Tygodnik Podhalański, 12 lutego 2009

 

Tutaj skan artykułu

Inne komentarze w Tygodniku Podhalańskim (2009)

Maciej Pinkwart

Robotnik

 

Poprzedni Burmistrz (dla skrótu będziemy używać akronimu PB), zarzuca swojemu następcy, że ten niewiele zrobił dla miasta i jego mieszkańców. Zgadzam się całkowicie z przesympatycznym byłym burmistrzem. Niewiele.

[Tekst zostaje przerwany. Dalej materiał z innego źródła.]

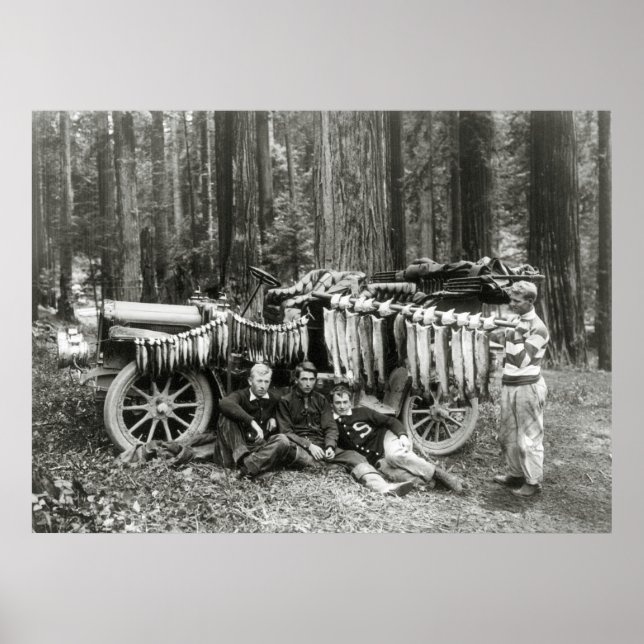 Dagens fångst vid Big Lagoon 1908 Poster (Framsidan)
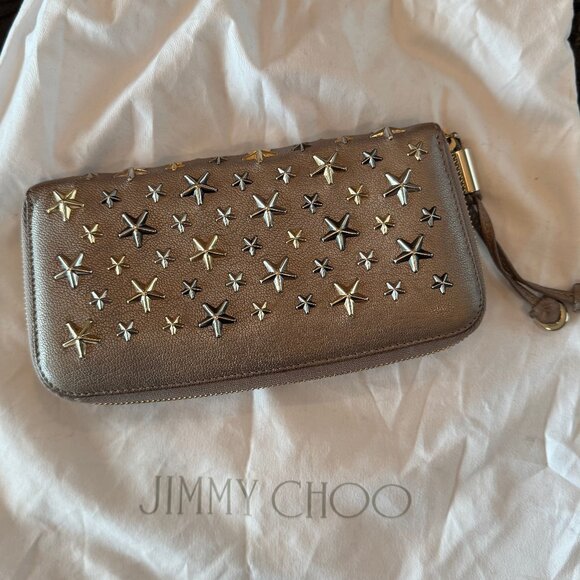 Jimmy Choo Brown Leather Star Studded Long Wallet - Picture 1 of 4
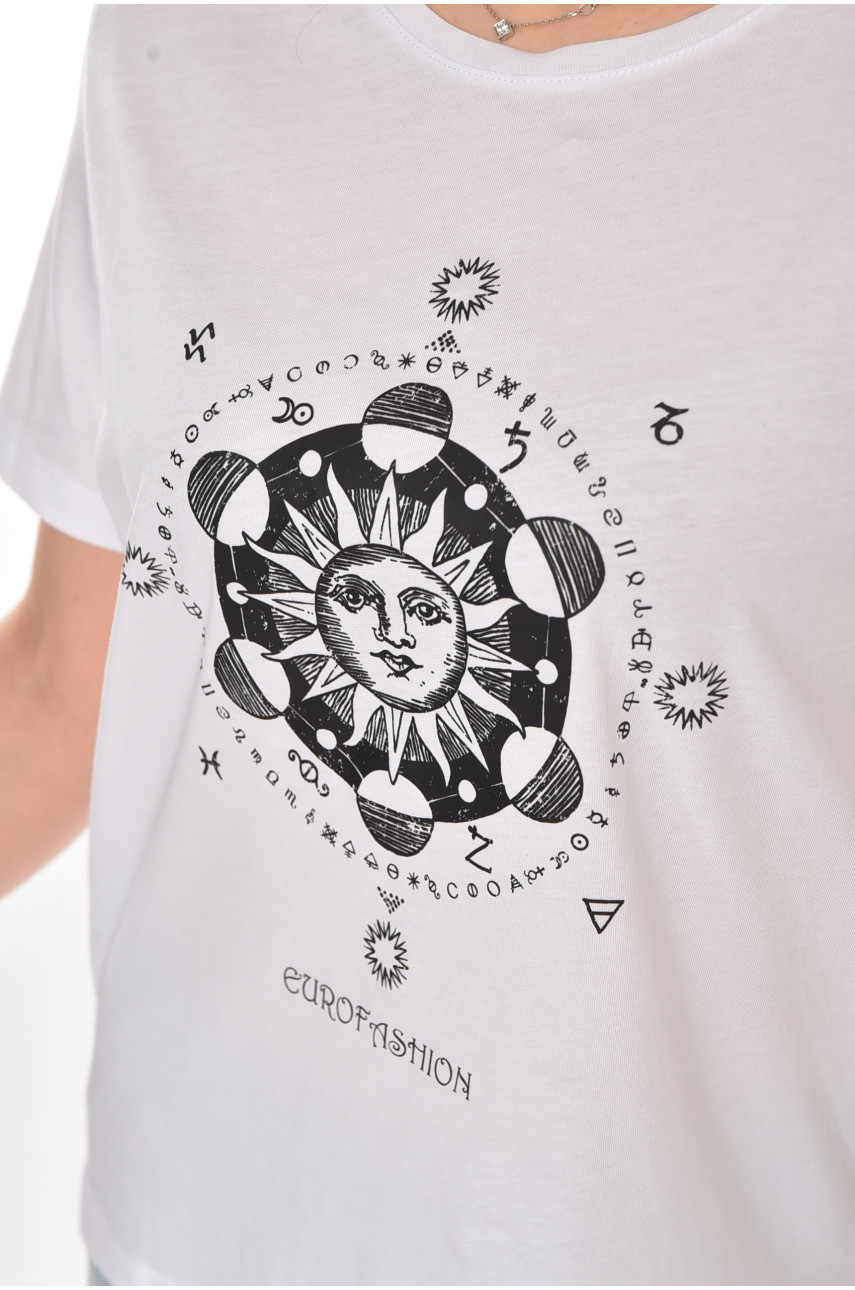 Футболка жіноча білого кольору з принтом 211162 Футболка жіноча білого кольору з принтом 211162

Jak dotąd, Janusz Majcher nie postawił w Zakopanem żadnego pomnika, i w tej dziedzinie jego poprzednik bije go na głowę. Pomnik Andrzeja Chramca, stojący tyłem do urzędu, w którym ordynował PB, dowodnie świadczy o tym, że władza powinna stawiać pomniki władzy, w nadziei, że ta tradycja będzie kontynuowana przez następców. Chramiec przed Urzędem Miejskim trzyma wypchaną teczkę i mocno siedzi na stołku, czego jego późny następca niestety nie potrafił. Chudziutki pomnik Władysława Zamoyskiego przy Krupówkach, postawiony dla uczczenia dobroczyńcy Zakopanego i największego właściciela ziemskiego w okolicy, hrabiego, co dla nas dziś takie istotne, i patrona partii politycznej, której działaczem był PB, jest także dowodem dbałości o sprawy miasta i jego mieszkańców. Kolejny pomnik, który dał Zakopanem PB - monument „Ognia”, którego wcześniej nie udało się postawić w żadnym innym miejscu - świadczy przed całym światem jak bardzo tolerancyjnym miejscem jest Zakopane i takie świadectwo jest dla nas nieocenioną promocją. Niewiele miast chwali się takimi bohaterami i takimi przyczynami stawiania pomników. Dowodem tolerancji PB jest także i to, że pomnik „Ognia” stanął obok Ronda Armii Krajowej. Łączenie ognia z wodą, można powiedzieć… Podobnie jak nadanie imienia Romana Dmowskiego jednemu z rond zakopiańskich, przy równoczesnym propagowaniu kultu Józefa Piłsudskiego. O miłości, jaką zaskarbiły sobie u kierowców poprzednie władze Zakopanego po wybudowaniu rond „kompaktowych” i innych rozwiązań drogowych już nie warto wspominać. Tolerancja dla legalnie działającej w Zakopanem formacji ONR i brak tolerancji dla legalnie działających w Zakopanem dziennikarzy, którzy według poprzedniej władzy stanowili największe zagrożenie dla Zakopanego to kolejne zasługi PB dla promocji Zakopanego – bo o żadnym innym mieście tyle wówczas nie pisano.

Ma więc rację Poprzedni Burmistrz, że jego następca mniej zrobił niż on. I tak trzymać.